Miedo de mostrarme como soy. Miedo al rechazo. Miedo a perder a personas que pensé que dejarían de amarme si conocían esa parte de mí.
Pensé que esconderme me protegería. Que, si ocultaba esa parte de mí, todo estaría bien. Pero lo que parecía protección era, en realidad, una cárcel. Una celda invisible que me alejaba de los demás, pero, sobre todo, de mí misma.
Con el tiempo entendí que esa parte que intentaba ocultar no era un defecto, ni un problema, ni una amenaza. Era una parte tan mía, tan importante como cualquier otra. Vivir negándola tenía un costo que pagué durante años, poco a poco, sin darme cuenta.
Una vez que me permití ser quien soy, muchas partes de mi historia empezaron a tener sentido. Cosas que antes me dolían sin saber por qué. Momentos de mi infancia o adolescencia que no lograba entender. Sentimientos que no tenían nombre. De pronto, todo empezó a encajar. Ya no era confusión, era identidad. Comprendí que no estaba rota: estaba escondida.
A veces creemos que al callar evitamos el dolor. Pero ese silencio también duele. Pesa. Oprime. Resulta que, tratar de evitar el dolor no lo elimina, solo nos da nuevos dolores.
Salir de ese lugar no fue fácil. Me tomó tiempo darme cuenta. Mucha ayuda. Mucho amor (incluyendo el mío). Hasta que un día entendí sé que ser yo no daña a nadie. No tengo que proteger a otros de quien soy.
Muchas veces este camino sigue sin ser fácil, pero también he aprendido que dejar de esconderse vale la pena. Vale la pena vivir siendo fiel a quien eres. Aún cuando hay dudas, porque nada duele más que negarte.

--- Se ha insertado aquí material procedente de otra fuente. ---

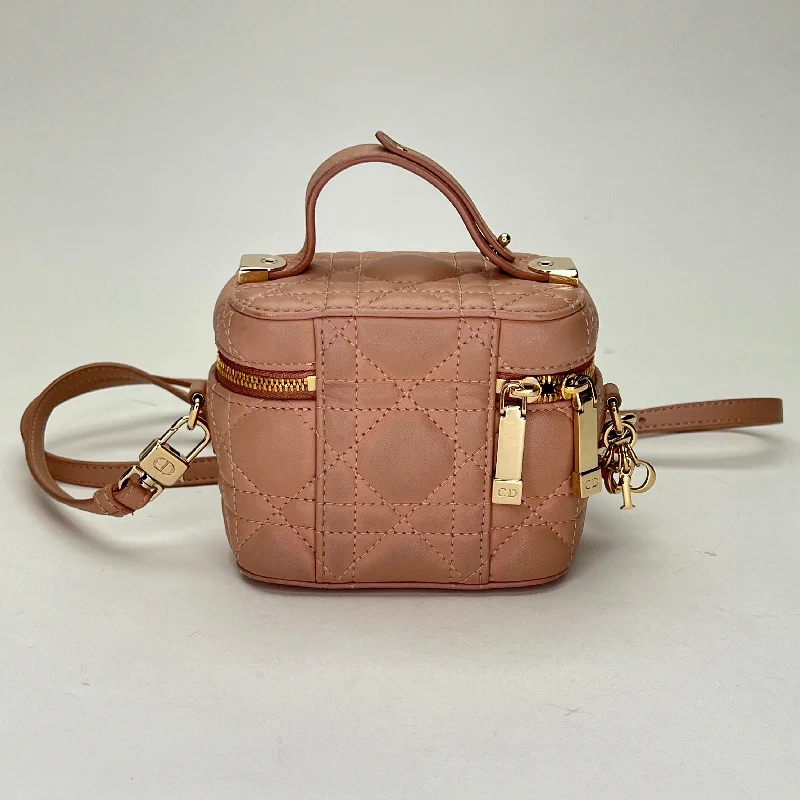 Trendsetting Christian Dior crossbody bags with a colorful strapLady Dior Micro Pink Vanity Bag in Lambskin, Gold hardware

Hoy, ese miedo todavía aparece a veces. Aún me escondo, a veces. Pero también hay orgullo. Orgullo por haber llegado hasta aquí. Por mirar atrás y abrazar a la persona que fui, a esa niña que no entendía lo que pasaba. Orgullo de seguir caminando, con todo lo que soy.
Orgullo de ser completa y plenamente, yo.